De nouveau, les atomes s'agitèrent devant mes yeux [...]
De longues chaînes, souvent associées de façon
plus serrée, étaient toutes en mouvement, s'entrelaçant
et se tortillant comme des serpents. Mais attention, qu'était-ce
que cela ? Un des serpents avait saisi sa propre queue, et cette
forme tournoyait de façon moqueuse devant mes yeux. Je m'éveillai
en un éclair [...] August Kekulé von Stradonitz,
fondateur de la chimie du carbone, ou chimie organique, était
non seulement un grand rêveur, mais aussi un récidiviste.
Déjà, en 1858, la structure des molécules organiques
lui était venue en rêvassant. En 1865, c'est en somnolant
devant un feu qu'il " voit " celle, cyclique, du benzène.
On comprend mal que les universités allemandes n'aient pas
aussitôt institué des cours obligatoires de sieste
créative - avec travaux pratiques puisque apparemment la
découverte onirique réclame un certain entraînement.
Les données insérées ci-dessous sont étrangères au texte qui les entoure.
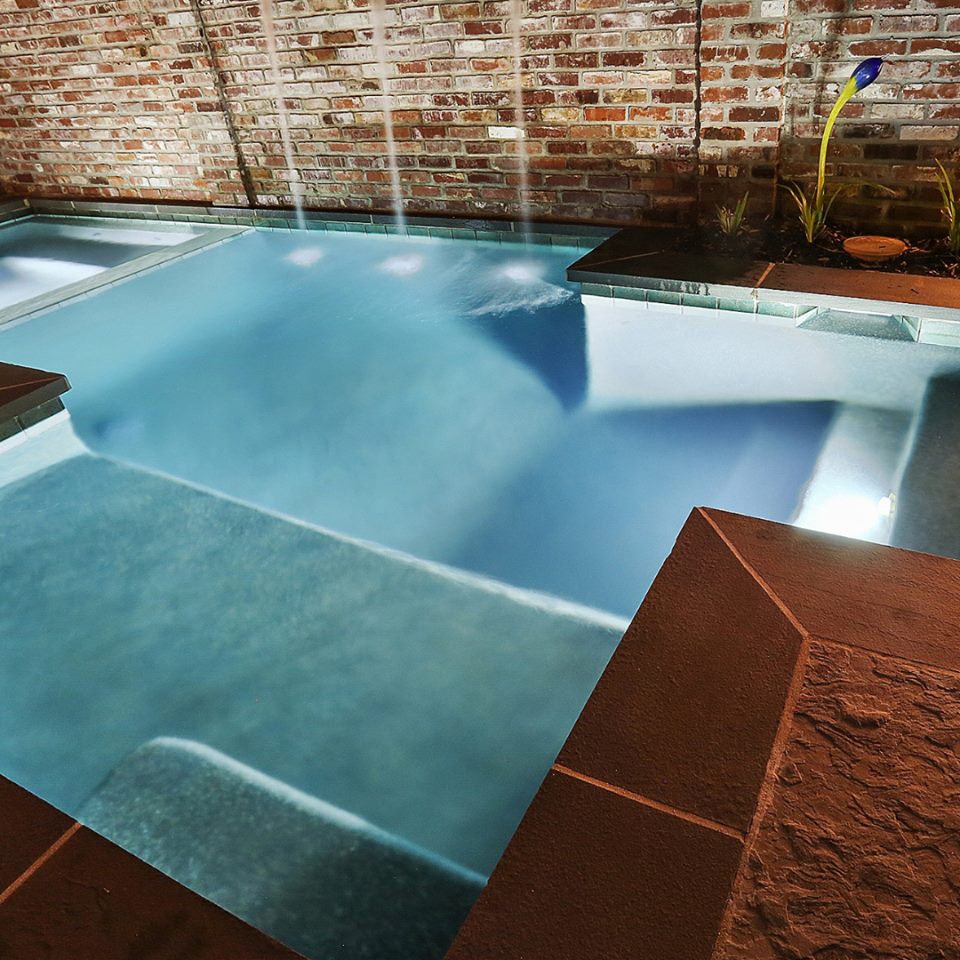 Pool Company in Baton Rouge What Do You Need to Know About Pool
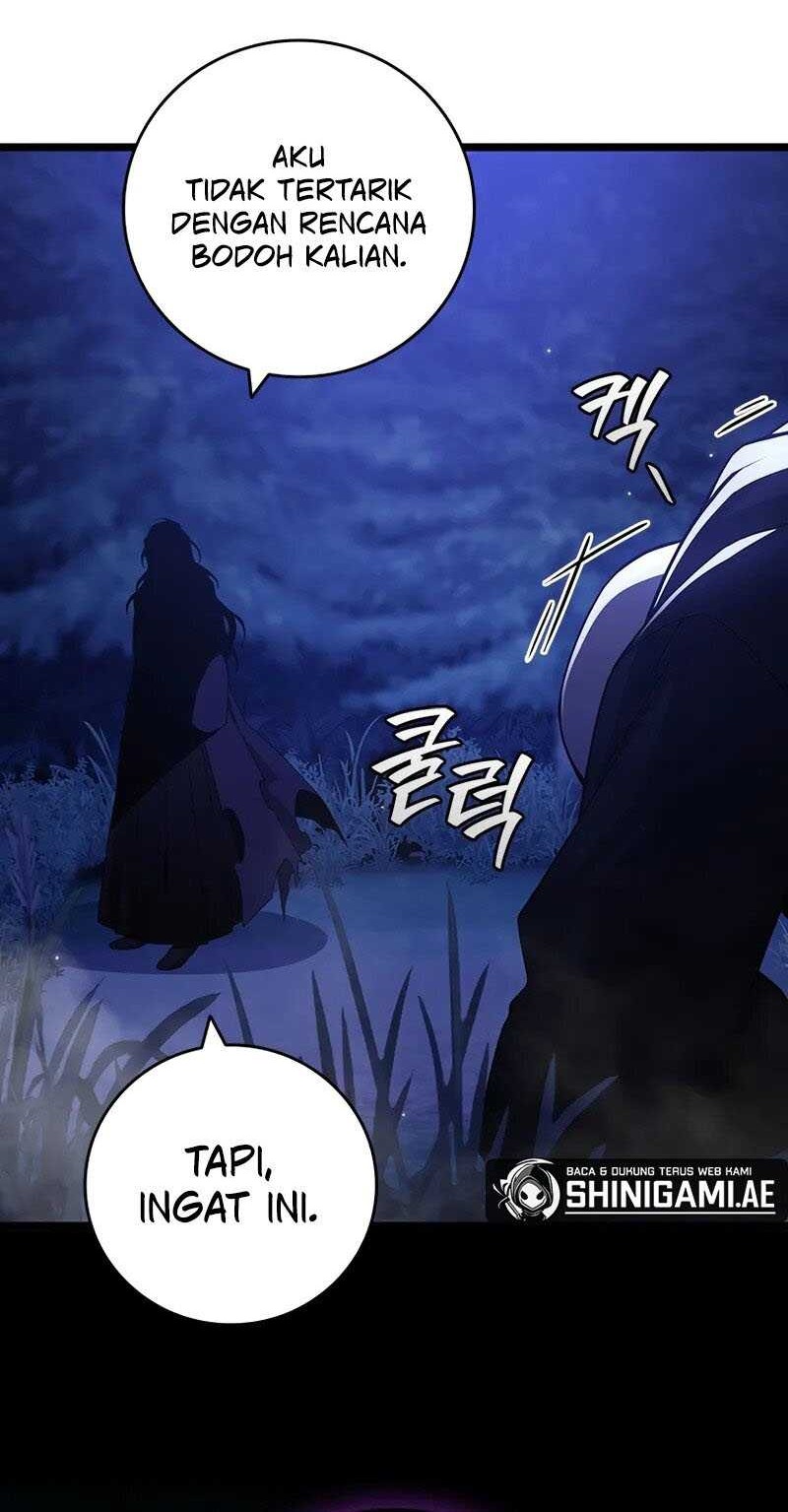 Dragon-Devouring Mage Chapter 83 Gambar 21
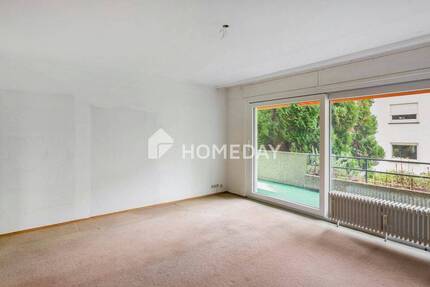Wohnung Baden-Baden Weststadt - 3 Zimmer, 85 m&sup2;, 219.000&euro; | Angebot:26501317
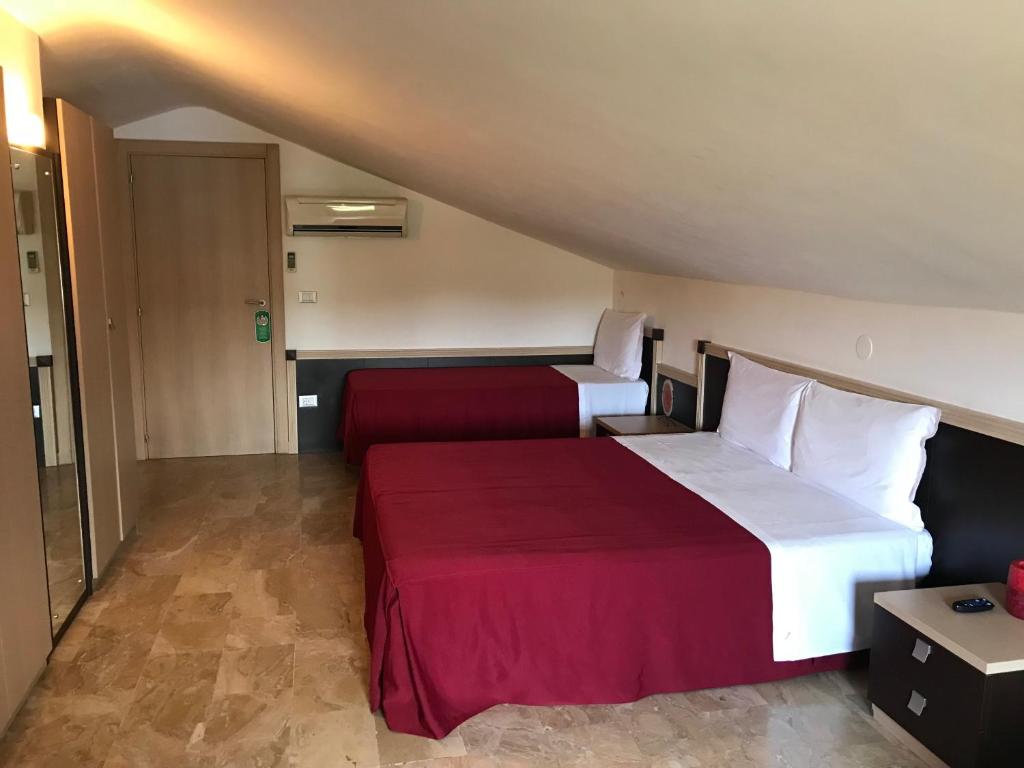 Derechos de imagen reservados por Booking.com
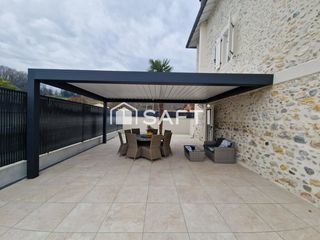  Maison � vendre 5 pi�ces 213 m�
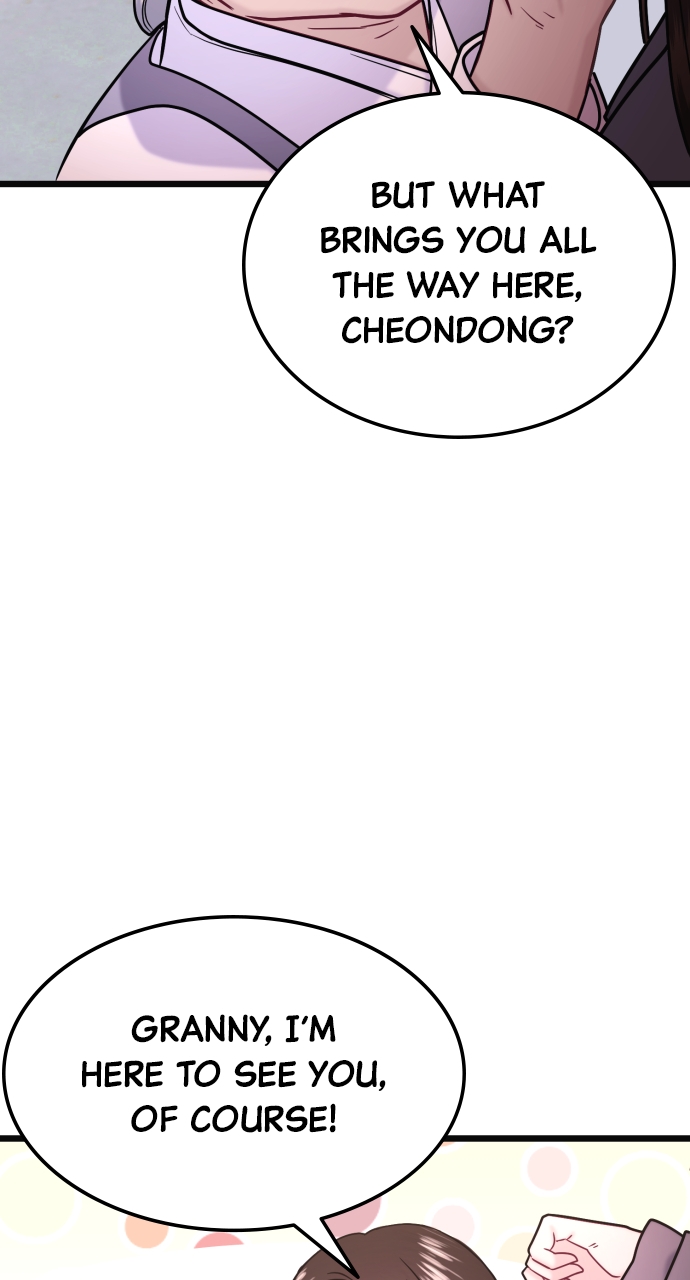 Maseknam – A Sexy Magician Chapter 45 - Page 52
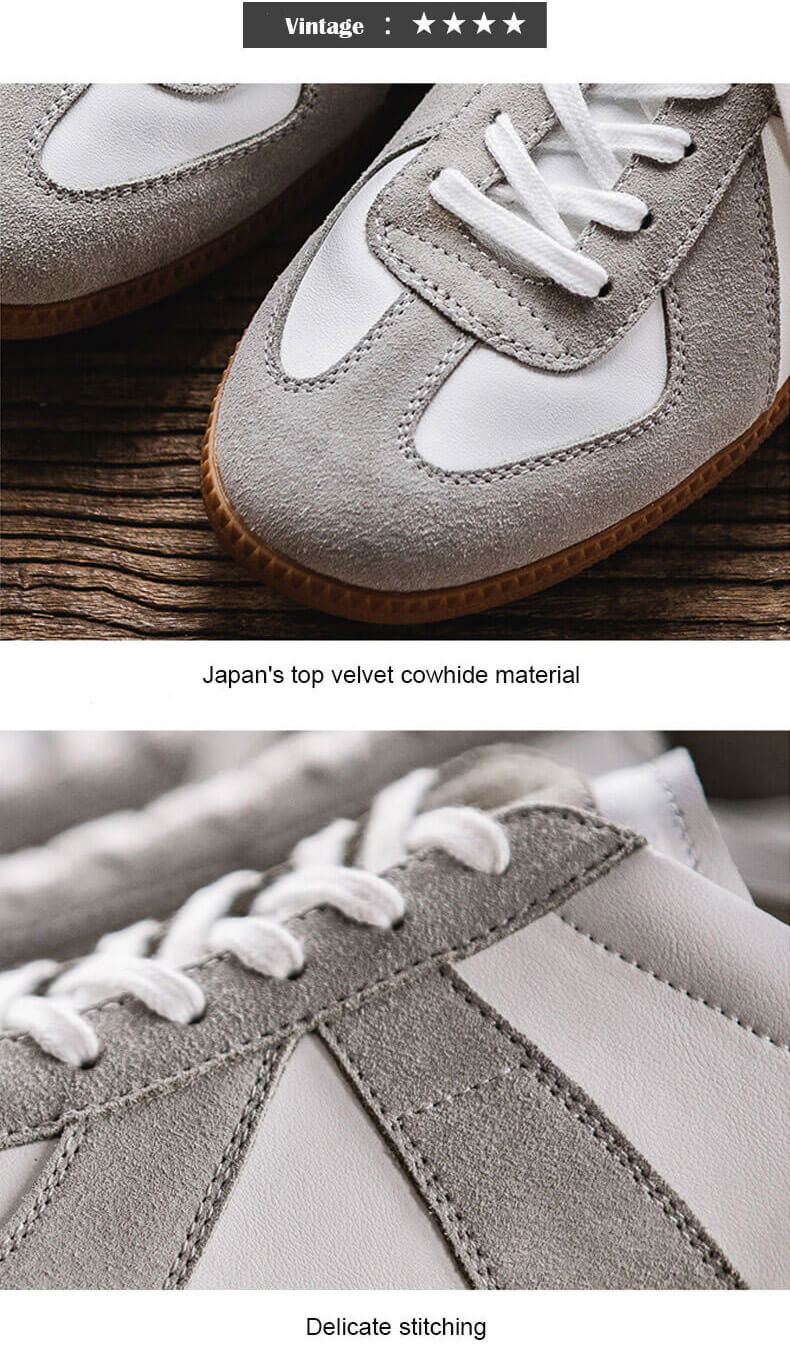 De gesp en de tong van Maison Margiela schoenen laarzen zijn gevuld met spons voor comfortabeler dragen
Kekulé s'est cependant bien gardé de parler de son
rêve au moment de sa découverte. Il ne l'a fait que
trente-cinq ans plus tard, lors d'un banquet donné en son
honneur. Sage précaution. Sans cela, sa glorieuse carrière
aurait très certainement pris une toute autre direction...
"Apprenons à rêver concluait-il, mais
gardons-nous de rendre publics nos rêves avant qu'ils
n'aient été mis à l'épreuve par notre
esprit bien éveillé."
N.W.
D'Archimède à Einstein, les faces cachées
de l'invention scientifique, chap. Du rêve à la science,
de Pierre Thuillier, Fayard, 1988.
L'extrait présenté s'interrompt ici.